Sunday, May 22, 2011

Crónica dos Bons Malandros, Mário Zambujal


 Há uma Lisboa feita de golpes, uma Lisboa de pequenos assaltantes que fazem pela vida, de linguagens secretas, de nomes de guerra. Há uma Lisboa dos malandros. Há tudo isso e seria fácil dizer que esta obra de Mário Zambujal é uma viagem a essa Lisboa. Só que isso não seria verdade!

 A Crónica dos Bons Malandros, que viu a luz do dia pela primeira vez em 1980, é um livro que procura dar razão a quem diz que os trinta são os novos vinte. A julgar pela frescura da escrita os trinta até podiam ser a nova adolescência. O livro encontra-se extraordinariamente bem escrito, facto que hoje em dia pode parecer surpreendente, mas não será tanto se considerarmos a experiência de escrita e comunicação do autor, jornalista de outros tempos, de outras escolas.

 A obra centra-se na história de uma quadrilha de pequenos assaltantes lisboetas, com uma alergia (justificada) a armas, à qual é proposto um assalto à Gulbenkian. Como modo de preparação para o desfecho dessa acção somos levados a conhecer a história dos autores de tão grandiosa empresa e que variado grupo esse é. Há quem tenha nascido com a malandragem no sangue, há quem se tenha visto obrigado a malandrar, há os que se calhar até tinham jeito para outras coisas e no final é impossível não sentirmos alguma afinidade com estes bons malandros e sentirmos alguma pena pelo desfecho final.

 O livro é dos melhores que li em 2011 e o facto de com todo este desfasamento temporal ainda parecer algo novo sem parecer pretencioso reflecte a qualidade da sua escrita, simples sem ser simplista, e que não é mais do que a brisa fresca do Tejo no amanhecer à beira-rio.


Thursday, May 19, 2011

Deixa-me entrar, Tomas Alfredson


 Faz já muito tempo que não escrevo aqui, no entanto não tenho estado parado. Um dos motivos que me tem mantido afastado é a falta de palavras. Em parte para descrever este filme do sueco Tomas Alfredson.
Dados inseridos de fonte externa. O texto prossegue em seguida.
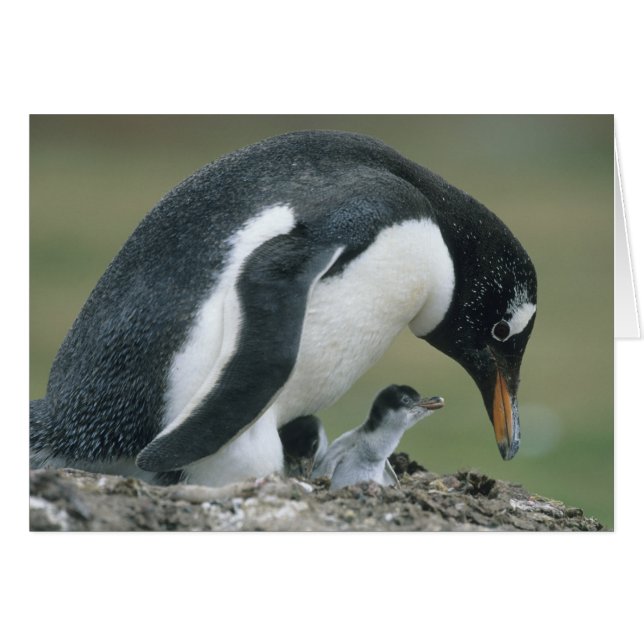 ジェントウペンギン (Pygoscelis papua) フォークランド諸島 (正面横)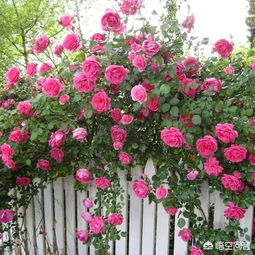 月季的刺，真的那么让人讨厌吗？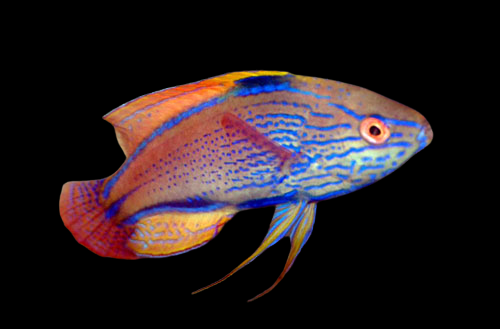 SUPER MALE lineatus fairy wrasse / cirrhilabrus lineatus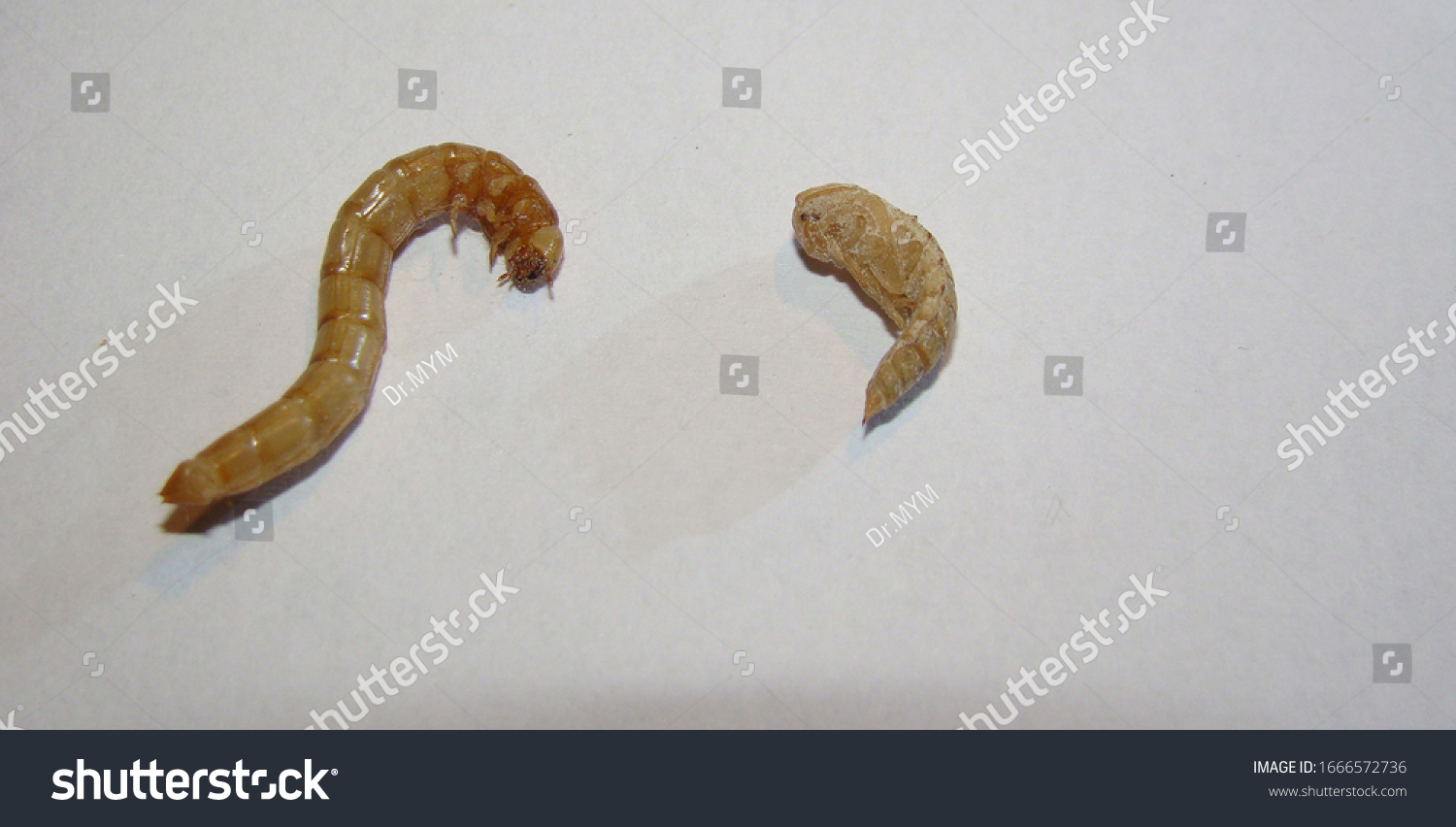 Mealworms Life Cycle Mealworm Larva Pupa Foto stock 1666572736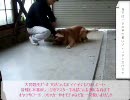 大問題児だった犬が、こんなイイ子になりました。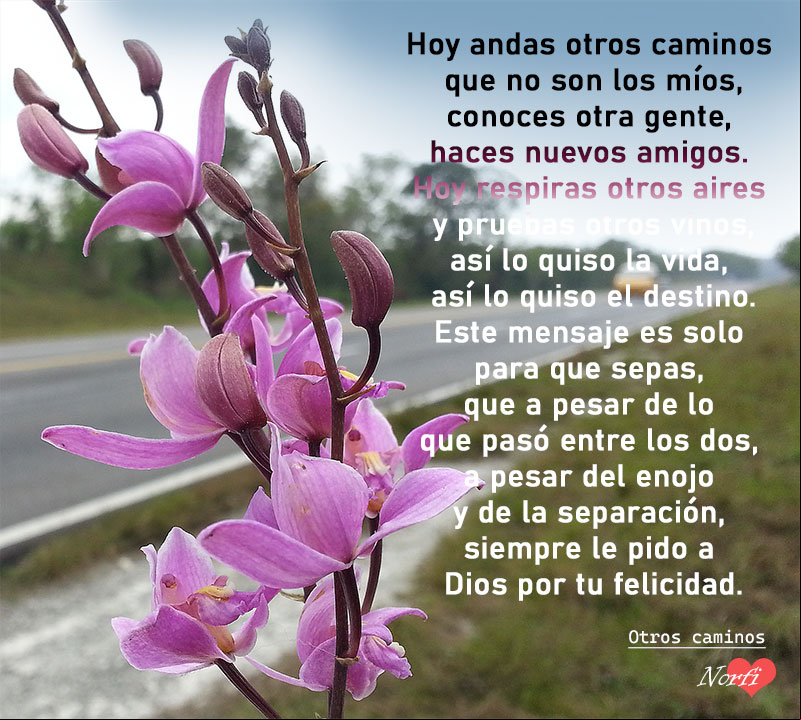 Aunque no estemos juntos te deseo lo mejor, poema Una flor y de fondo una carretera, con poema sobre una separación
 Será profundamente redutor dizer que este é mais um filme de vampiros. Este não é apenas mais um, este é o filme de vampiros com que todos os filmes de vampiros futuros têm de se comparar. E talvez alguns passados...

 Produto da indústria cinematográfica de onde a noite chega a durar uns meses, este filme de vampiros é mais um produto saído de uma manufactura: uma peça única e inigualável!

 Oskar é um jovem adolescente marginalizado e vítima das partidas de colegas, que vive sozinho com a mãe, que visita esporadicamente o pai e que é em público uma figura recatada e pachorrenta. No entanto sofre em silêncio na longa noite do Norte.

 Eli é uma nova vizinha de Oskar, que se mudou para o apartamento ao lado sensivelmente na mesma altura em que começou uma onda de assassíneos e tentativas particularmente grotescas dos mesmos. Logo aqui o filme começa a distinguir-se, pois não se faz segredo que o autor de tais actos é o pai de Eli e que o faz para lhe poder dar o sangue que ela precisa.

 Também não se esconde a relação que estabelece entre Eli e Oskar, uma relação de código morse, uma relação de confiança, uma relação de revelações e aceitação e uma relação em que se aprende a enfrentar os medos, mesmo que daí venham consequências trágicas.

 As longas estações nórdicas assumem-se como personagens neste filme e tal o devemos a Tomas Alfredson. Os vampiros adolescentes de Alfredson e a sua relação com o mundo dos mortais cintila pela crueza com que a violência do género é apresentada, a história de amor não entra no campo da lamechice e depois de Eli, Kirsten Dunst e a sua Claudia parecem freiras! O guião está escrito para quem consegue interpretar textos acima do 4º ano e a interpretação dos jovens petizes sai favorecida por isso.

 "Deixa-me entrar" agrada a quem gosta de histórias inteligentes, a quem gosta de um bom bocado de entretenimento, a quem gosta do género e a quem gosta de filmes onde as imagens são personagens e dizem cada uma mais de mil palavras.